Меня познакомили с другими дежурными врачами, среди них был кардиолог, совсем мальчишка с круглыми розовыми щеками, анестезиолог, рыжая, слишком ярко накрашенная женщина, длинный, сухопарый офтальмолог, молодой, но лысый хирург и еще, конечно, больничный священник целомудренного вида, который словно извинялся перед всеми за то, что живет на свете. У меня не было никакого желания общаться с ними. Никогда не любила тесного кружка интернов и медперсонала, сплоченного духом соперничества да привилегированным положением по отношению к массе страждущих. Врачами становятся не затем, чтобы приносить людям облегчение, а из желания помучить их на законном основании, наказать за их немощи. Мне претили дух ординаторской, похотливость иных докторов, подогретая близким соседством смерти. Я не хотела слушать пикантных откровений медсестер, вернувшихся из отпуска, не хотела знать глупых интрижек, что завязываются здесь долгими ночами. Я заранее презирала их всех, опасаясь, что они сочтут меня некомпетентной. Что такое презрение? Это боязнь оказаться хуже других и, как результат, предвзятость в оценках: их мнение о тебе ты как бы отсылаешь им авансом. Три ночи мне предстояло существовать в постоянной нестыковке: я имею в виду ничтожность моих терзаний рядом с чужой бедой. Я так погрязла в собственных проблемах, что была к ней глуха. Мне хотелось по возможности свести к минимуму общение с людьми: пусть меня оставят в покое, я укроюсь в тихой гавани среди всеобщего разброда.

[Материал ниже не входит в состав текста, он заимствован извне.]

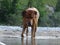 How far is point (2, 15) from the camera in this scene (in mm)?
35781

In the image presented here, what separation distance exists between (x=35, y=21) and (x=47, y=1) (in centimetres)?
2777

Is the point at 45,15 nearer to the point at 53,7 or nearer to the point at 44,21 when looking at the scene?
the point at 44,21

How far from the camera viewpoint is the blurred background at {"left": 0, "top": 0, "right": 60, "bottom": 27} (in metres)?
35.4

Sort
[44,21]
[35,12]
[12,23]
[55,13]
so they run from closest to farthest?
[35,12]
[12,23]
[44,21]
[55,13]

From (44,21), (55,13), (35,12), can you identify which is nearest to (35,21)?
(35,12)

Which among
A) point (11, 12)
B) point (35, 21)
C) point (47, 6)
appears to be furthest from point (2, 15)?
point (35, 21)

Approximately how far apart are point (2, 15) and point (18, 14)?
180cm

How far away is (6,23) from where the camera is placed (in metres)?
35.3

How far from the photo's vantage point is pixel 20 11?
36.8 metres

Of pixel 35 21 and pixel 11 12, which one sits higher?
pixel 35 21

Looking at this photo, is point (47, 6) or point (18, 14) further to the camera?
point (47, 6)

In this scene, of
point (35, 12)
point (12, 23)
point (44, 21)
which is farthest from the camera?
point (44, 21)

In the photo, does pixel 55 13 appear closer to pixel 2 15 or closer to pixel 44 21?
pixel 44 21

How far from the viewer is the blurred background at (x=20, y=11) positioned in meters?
35.4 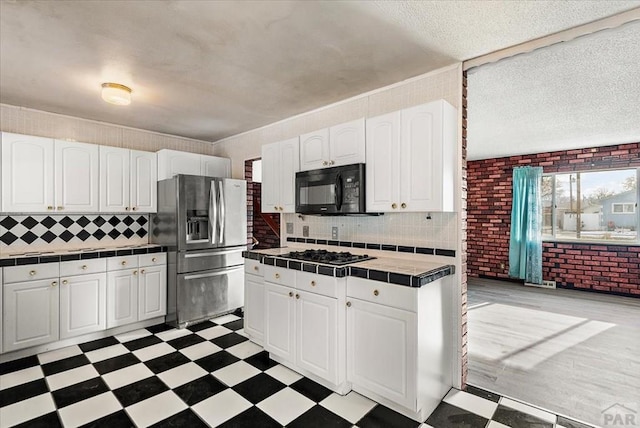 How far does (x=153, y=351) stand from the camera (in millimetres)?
3117

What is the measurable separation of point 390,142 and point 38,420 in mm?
2982

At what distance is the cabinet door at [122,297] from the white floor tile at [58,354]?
36 centimetres

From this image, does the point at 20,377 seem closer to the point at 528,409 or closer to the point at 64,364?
the point at 64,364

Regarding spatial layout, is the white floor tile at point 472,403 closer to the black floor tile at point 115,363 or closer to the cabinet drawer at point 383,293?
the cabinet drawer at point 383,293

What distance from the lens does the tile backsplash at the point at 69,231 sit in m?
3.39

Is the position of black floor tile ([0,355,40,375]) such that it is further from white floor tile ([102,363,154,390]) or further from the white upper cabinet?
the white upper cabinet

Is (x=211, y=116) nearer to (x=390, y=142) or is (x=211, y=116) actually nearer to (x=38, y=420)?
(x=390, y=142)

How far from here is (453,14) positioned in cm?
187

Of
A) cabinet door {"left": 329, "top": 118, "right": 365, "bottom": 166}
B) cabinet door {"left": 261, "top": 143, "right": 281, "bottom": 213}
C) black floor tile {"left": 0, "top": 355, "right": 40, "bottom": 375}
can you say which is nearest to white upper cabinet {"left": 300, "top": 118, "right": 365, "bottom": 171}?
cabinet door {"left": 329, "top": 118, "right": 365, "bottom": 166}

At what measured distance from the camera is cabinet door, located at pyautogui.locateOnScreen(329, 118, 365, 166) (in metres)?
2.67

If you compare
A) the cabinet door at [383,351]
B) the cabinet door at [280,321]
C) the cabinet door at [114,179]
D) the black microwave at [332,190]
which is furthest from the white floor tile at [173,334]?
the cabinet door at [383,351]

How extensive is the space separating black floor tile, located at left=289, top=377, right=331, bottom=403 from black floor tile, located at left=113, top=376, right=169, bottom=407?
0.97m

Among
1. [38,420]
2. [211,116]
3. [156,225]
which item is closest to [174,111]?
[211,116]

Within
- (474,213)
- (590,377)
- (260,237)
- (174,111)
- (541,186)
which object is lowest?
(590,377) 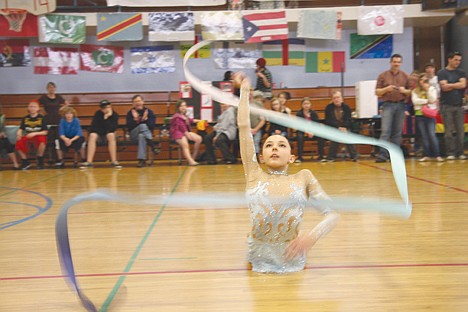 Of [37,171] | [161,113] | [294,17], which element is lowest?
[37,171]

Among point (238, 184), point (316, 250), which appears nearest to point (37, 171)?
point (238, 184)

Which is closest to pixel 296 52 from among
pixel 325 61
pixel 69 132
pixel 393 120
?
pixel 325 61

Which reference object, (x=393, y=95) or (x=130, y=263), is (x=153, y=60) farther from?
(x=130, y=263)

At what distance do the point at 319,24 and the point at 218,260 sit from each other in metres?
10.3

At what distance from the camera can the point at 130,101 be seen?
1375 centimetres

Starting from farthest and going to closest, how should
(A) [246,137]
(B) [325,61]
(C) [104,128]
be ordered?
(B) [325,61] < (C) [104,128] < (A) [246,137]

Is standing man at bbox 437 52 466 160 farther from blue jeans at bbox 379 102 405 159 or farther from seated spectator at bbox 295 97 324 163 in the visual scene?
seated spectator at bbox 295 97 324 163

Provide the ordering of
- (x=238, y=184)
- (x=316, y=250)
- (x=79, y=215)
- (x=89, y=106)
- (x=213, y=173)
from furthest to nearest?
(x=89, y=106), (x=213, y=173), (x=238, y=184), (x=79, y=215), (x=316, y=250)

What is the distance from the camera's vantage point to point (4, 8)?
12133 mm

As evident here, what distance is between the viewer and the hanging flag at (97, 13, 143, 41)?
12.6m

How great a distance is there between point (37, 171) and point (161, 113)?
140 inches

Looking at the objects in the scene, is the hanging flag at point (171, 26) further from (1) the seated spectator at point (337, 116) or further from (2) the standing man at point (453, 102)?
(2) the standing man at point (453, 102)

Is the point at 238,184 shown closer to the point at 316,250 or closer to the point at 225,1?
the point at 316,250

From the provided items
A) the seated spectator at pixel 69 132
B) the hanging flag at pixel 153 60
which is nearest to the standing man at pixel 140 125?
the seated spectator at pixel 69 132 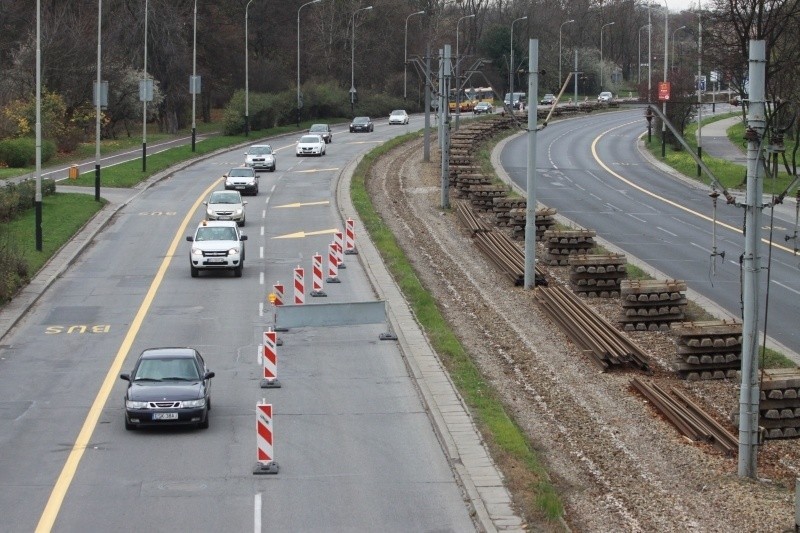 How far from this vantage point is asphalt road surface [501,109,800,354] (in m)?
36.0

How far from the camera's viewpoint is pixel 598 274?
115 feet

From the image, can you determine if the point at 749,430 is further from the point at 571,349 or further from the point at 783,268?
the point at 783,268

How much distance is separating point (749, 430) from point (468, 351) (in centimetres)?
948

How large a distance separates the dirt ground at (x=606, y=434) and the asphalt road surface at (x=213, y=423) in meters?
2.04

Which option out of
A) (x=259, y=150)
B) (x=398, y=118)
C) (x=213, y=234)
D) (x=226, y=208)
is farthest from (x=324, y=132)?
(x=213, y=234)

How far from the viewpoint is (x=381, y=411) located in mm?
21812

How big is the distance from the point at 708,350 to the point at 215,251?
55.4ft

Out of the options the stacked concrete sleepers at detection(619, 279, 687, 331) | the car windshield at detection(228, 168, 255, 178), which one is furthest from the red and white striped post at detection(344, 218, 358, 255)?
the car windshield at detection(228, 168, 255, 178)

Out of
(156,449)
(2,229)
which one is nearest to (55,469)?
(156,449)

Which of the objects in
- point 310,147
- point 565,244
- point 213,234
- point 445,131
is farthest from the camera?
point 310,147

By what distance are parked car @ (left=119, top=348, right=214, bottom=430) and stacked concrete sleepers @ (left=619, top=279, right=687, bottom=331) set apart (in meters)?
13.0

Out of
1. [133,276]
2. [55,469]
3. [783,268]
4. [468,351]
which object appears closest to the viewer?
[55,469]

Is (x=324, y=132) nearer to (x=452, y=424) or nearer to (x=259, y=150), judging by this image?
(x=259, y=150)

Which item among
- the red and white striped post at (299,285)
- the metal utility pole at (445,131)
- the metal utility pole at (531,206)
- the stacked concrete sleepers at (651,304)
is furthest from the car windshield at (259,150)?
the stacked concrete sleepers at (651,304) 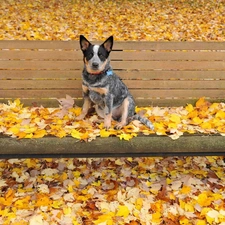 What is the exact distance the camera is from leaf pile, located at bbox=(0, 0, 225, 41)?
8555 mm

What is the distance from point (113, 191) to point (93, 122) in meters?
0.76

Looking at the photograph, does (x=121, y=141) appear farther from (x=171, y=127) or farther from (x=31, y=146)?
(x=31, y=146)

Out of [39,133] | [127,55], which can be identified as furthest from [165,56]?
[39,133]

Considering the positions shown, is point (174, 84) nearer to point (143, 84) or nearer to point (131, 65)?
point (143, 84)

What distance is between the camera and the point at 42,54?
3930 mm

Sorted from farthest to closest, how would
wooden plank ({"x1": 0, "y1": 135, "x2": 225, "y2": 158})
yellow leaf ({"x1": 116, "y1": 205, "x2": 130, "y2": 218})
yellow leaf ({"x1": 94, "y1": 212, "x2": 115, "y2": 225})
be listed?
yellow leaf ({"x1": 116, "y1": 205, "x2": 130, "y2": 218})
yellow leaf ({"x1": 94, "y1": 212, "x2": 115, "y2": 225})
wooden plank ({"x1": 0, "y1": 135, "x2": 225, "y2": 158})

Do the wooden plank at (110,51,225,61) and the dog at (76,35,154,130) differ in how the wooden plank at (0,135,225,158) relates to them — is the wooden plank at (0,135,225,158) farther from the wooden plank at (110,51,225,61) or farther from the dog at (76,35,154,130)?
the wooden plank at (110,51,225,61)

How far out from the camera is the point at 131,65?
13.2 ft

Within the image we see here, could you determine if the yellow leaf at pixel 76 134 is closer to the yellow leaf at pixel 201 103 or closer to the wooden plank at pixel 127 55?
the wooden plank at pixel 127 55

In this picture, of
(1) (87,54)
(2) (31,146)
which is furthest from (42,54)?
→ (2) (31,146)

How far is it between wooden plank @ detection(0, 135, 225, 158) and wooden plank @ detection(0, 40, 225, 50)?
1.45m

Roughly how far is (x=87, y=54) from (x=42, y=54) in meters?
0.93

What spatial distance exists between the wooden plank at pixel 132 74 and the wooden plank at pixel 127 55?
0.54ft

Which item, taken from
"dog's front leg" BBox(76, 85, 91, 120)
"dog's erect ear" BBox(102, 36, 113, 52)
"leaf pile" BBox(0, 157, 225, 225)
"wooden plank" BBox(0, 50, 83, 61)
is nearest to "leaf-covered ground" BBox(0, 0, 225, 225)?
"leaf pile" BBox(0, 157, 225, 225)
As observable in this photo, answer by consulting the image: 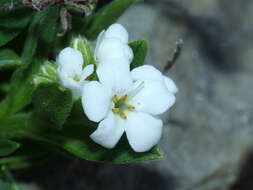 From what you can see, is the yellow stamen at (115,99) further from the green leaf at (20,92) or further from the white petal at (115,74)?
the green leaf at (20,92)

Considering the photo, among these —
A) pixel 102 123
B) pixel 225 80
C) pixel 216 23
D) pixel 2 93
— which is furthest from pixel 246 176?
pixel 102 123

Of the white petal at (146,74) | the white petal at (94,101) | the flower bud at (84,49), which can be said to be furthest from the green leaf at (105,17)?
the white petal at (94,101)

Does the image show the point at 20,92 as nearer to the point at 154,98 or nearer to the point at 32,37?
the point at 32,37

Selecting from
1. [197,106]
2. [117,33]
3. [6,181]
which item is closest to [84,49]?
[117,33]

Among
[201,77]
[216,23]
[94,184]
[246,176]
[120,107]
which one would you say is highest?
[120,107]

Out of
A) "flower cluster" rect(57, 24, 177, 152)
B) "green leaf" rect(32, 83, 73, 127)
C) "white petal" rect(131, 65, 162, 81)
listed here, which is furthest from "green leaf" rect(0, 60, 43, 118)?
"white petal" rect(131, 65, 162, 81)

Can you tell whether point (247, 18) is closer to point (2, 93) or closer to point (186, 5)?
point (186, 5)

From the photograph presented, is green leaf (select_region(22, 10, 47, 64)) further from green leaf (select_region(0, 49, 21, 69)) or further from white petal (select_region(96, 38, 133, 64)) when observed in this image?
white petal (select_region(96, 38, 133, 64)) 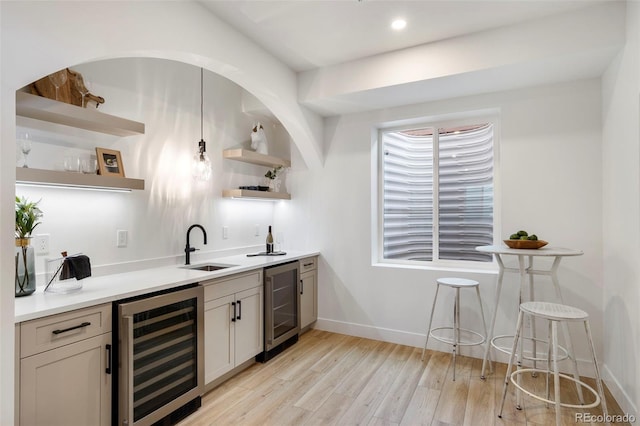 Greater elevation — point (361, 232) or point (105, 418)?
point (361, 232)

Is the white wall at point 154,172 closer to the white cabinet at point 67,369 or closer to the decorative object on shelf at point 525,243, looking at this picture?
the white cabinet at point 67,369

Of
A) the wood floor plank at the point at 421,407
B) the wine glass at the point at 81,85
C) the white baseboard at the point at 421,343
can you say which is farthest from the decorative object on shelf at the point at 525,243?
the wine glass at the point at 81,85

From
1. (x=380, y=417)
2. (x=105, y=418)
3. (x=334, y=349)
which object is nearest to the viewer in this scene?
(x=105, y=418)

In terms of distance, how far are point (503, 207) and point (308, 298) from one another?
2162mm

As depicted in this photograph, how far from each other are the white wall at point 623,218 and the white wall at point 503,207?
13 centimetres

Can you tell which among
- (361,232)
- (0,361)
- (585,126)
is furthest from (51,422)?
(585,126)

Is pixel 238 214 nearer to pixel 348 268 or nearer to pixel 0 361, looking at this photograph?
pixel 348 268

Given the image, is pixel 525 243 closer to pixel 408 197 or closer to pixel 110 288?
pixel 408 197

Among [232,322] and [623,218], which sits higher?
[623,218]

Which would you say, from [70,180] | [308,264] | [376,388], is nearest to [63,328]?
[70,180]

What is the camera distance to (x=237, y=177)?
12.1ft

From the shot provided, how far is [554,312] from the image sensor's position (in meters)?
2.12

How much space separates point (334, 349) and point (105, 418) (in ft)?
6.68

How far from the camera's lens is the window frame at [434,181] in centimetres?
325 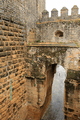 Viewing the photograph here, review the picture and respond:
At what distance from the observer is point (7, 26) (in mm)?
3918

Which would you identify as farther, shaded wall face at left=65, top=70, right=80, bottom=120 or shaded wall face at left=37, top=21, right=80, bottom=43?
shaded wall face at left=37, top=21, right=80, bottom=43

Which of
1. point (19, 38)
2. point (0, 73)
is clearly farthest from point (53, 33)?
point (0, 73)

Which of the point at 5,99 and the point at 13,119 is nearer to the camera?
the point at 5,99

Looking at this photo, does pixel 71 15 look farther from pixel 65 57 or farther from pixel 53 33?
pixel 65 57

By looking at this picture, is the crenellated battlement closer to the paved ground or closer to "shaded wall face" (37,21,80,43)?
"shaded wall face" (37,21,80,43)

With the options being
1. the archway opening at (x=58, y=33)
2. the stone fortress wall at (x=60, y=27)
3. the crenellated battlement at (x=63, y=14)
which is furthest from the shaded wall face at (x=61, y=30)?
the crenellated battlement at (x=63, y=14)

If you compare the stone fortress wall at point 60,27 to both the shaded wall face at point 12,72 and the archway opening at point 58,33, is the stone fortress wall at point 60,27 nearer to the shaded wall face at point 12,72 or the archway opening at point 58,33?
the archway opening at point 58,33

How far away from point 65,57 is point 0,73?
2.51m

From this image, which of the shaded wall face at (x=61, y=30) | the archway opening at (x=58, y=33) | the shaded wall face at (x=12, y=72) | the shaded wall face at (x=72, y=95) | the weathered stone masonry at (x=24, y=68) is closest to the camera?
the shaded wall face at (x=12, y=72)

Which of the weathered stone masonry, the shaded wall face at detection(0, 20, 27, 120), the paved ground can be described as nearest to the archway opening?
the paved ground

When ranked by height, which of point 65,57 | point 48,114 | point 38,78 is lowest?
point 48,114

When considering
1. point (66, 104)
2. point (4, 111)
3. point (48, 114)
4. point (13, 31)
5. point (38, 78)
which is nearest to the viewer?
point (4, 111)

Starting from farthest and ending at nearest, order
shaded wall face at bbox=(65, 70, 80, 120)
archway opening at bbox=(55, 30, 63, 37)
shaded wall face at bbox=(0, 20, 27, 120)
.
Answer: archway opening at bbox=(55, 30, 63, 37), shaded wall face at bbox=(65, 70, 80, 120), shaded wall face at bbox=(0, 20, 27, 120)

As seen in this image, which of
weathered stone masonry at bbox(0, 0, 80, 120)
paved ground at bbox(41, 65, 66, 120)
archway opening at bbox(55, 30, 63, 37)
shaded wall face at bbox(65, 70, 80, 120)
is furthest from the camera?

Все было в тот вечер не так, как всегда: персонал сбивался с ног из-за отпусков, шли реставрационные работы, и мне не хватило места на этаже, отведенном интернам; да, строго говоря, мне вообще не полагалось самостоятельно нести дежурство — образования не хватало. Диссертацию по психиатрии я только что начала. Я была отступлением от устава. Мне выделили в противоположном крыле здания, на пятом этаже, клетушку с койкой, туалетом, зеркалом, стенным шкафом, запертым на висячий замок, и старым продавленным креслом. Крошечное круглое оконце глядело на башни собора Парижской Богоматери. На карнизе прямо над моей каморкой ворковали, встряхиваясь, голуби. Я переоделась, разглядывая в зеркале свои широкие плечи, которые Фердинанду нравилось покусывать, мускулистые ноги, маленькие груди, не набухающие даже во время месячных, смуглую кожу, где-то потемнее, где-то посветлее, и плоский живот, который никогда не подарит жизнь: по приговору врачей, я бесплодна.